━━━━━ DATA EXTRACT

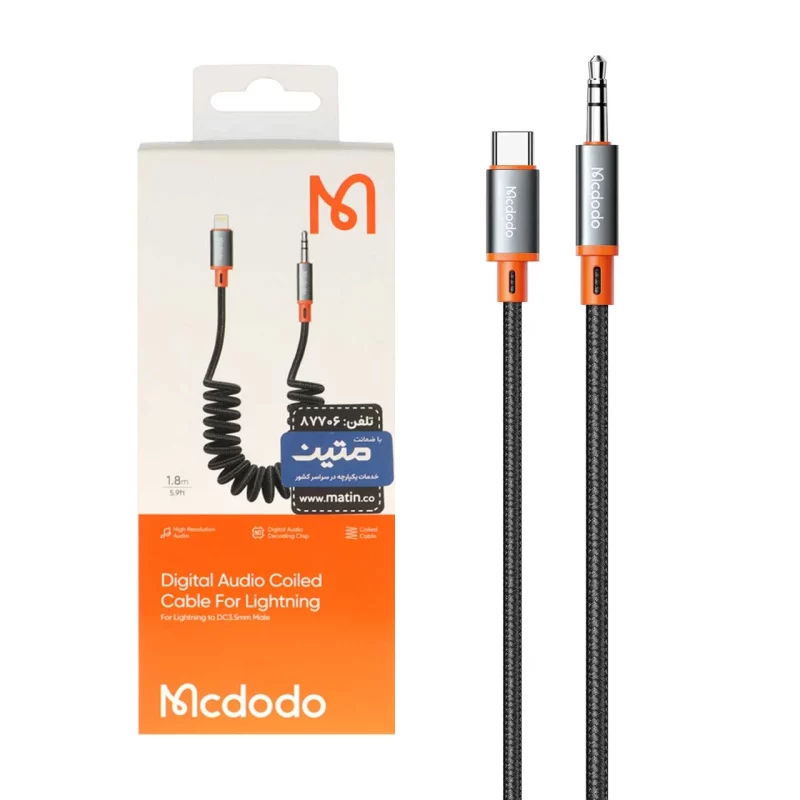 کابل 1.8 متری Mcdodo Lightning TO Aux مدل CA-089 - مشکی - تصویر 2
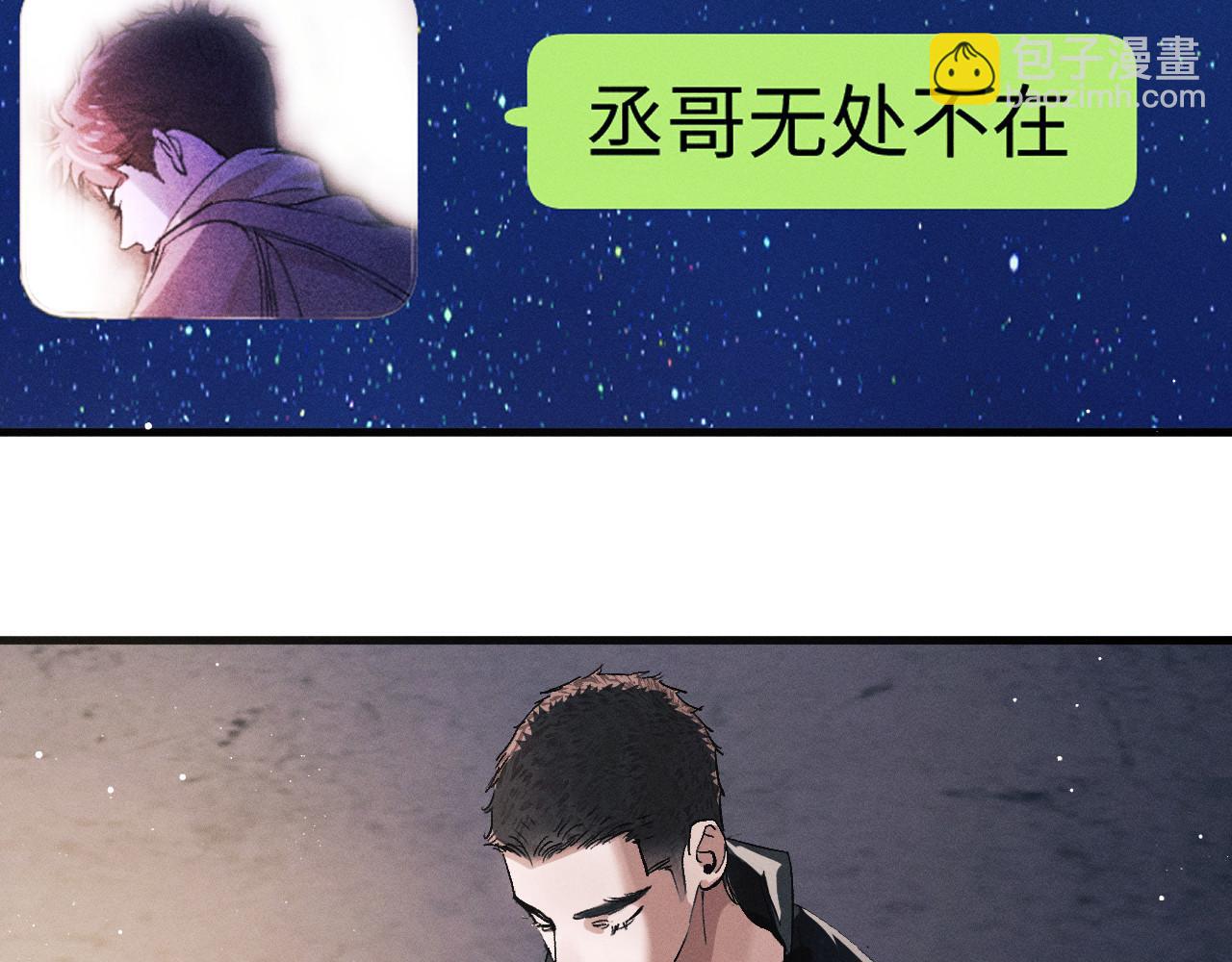 撒野 - 第71話 跨欄！(2/3) - 1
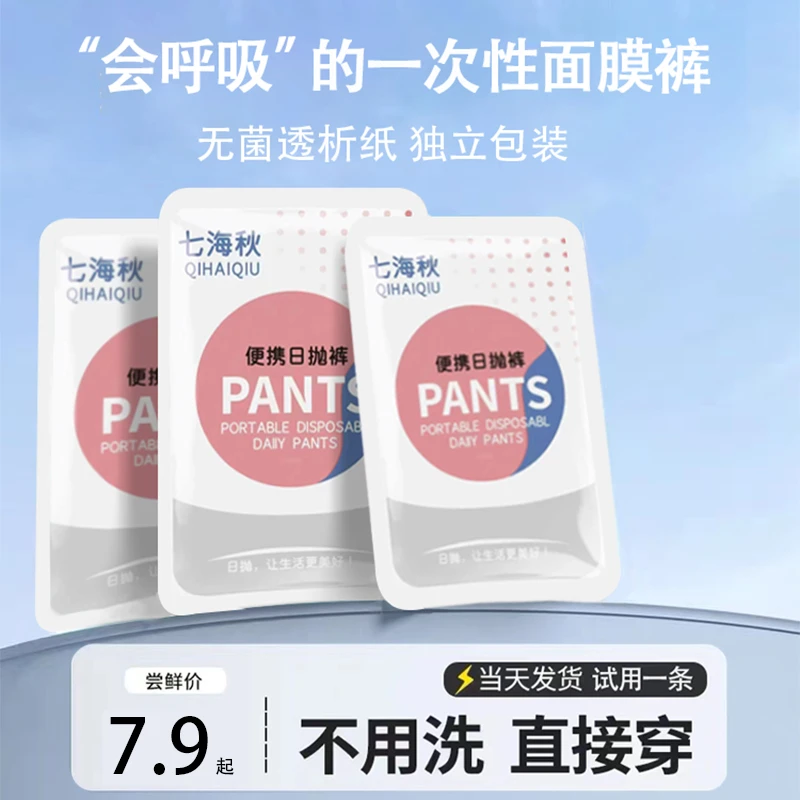 一次性内裤女士出差旅行外出待产便携式亲肤免洗大码日抛内裤透气
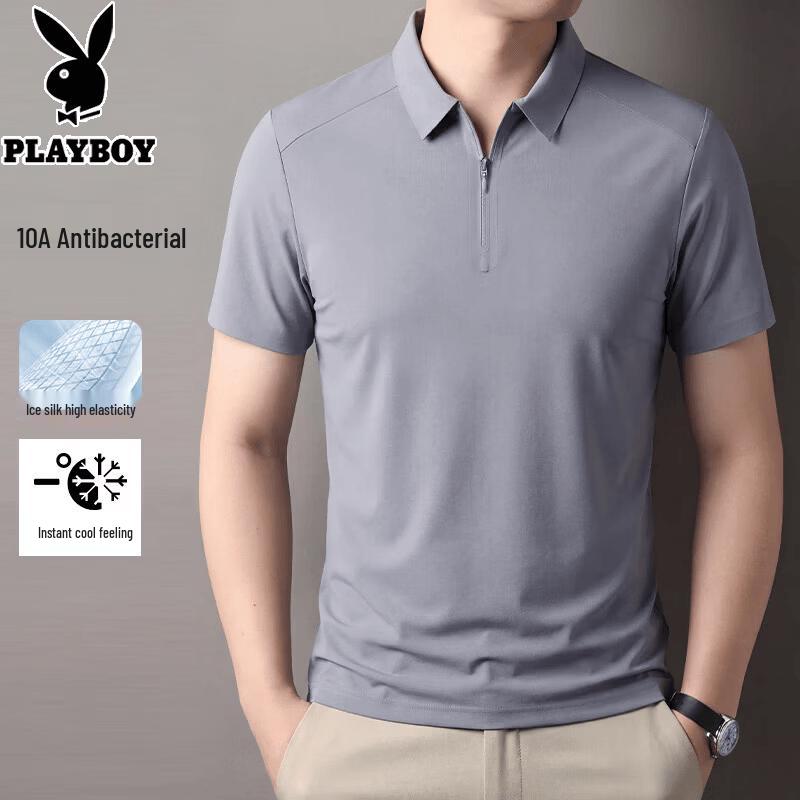 PLAYBOY Men s Ice Silk Polo Shirt XL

━━━━━━━━━━

TASK TO CARRY OUT: Leaving every image behind, repeat the data in full and exactly.

TASK RESULT:
 کابل 1.8 متری Mcdodo Lightning TO Aux مدل CA-089 - مشکی - تصویر 2
 撒野 - 第71話 跨欄！(2/3) - 1
 一次性内裤女士出差旅行外出待产便携式亲肤免洗大码日抛内裤透气
 PLAYBOY Men s Ice Silk Polo Shirt XL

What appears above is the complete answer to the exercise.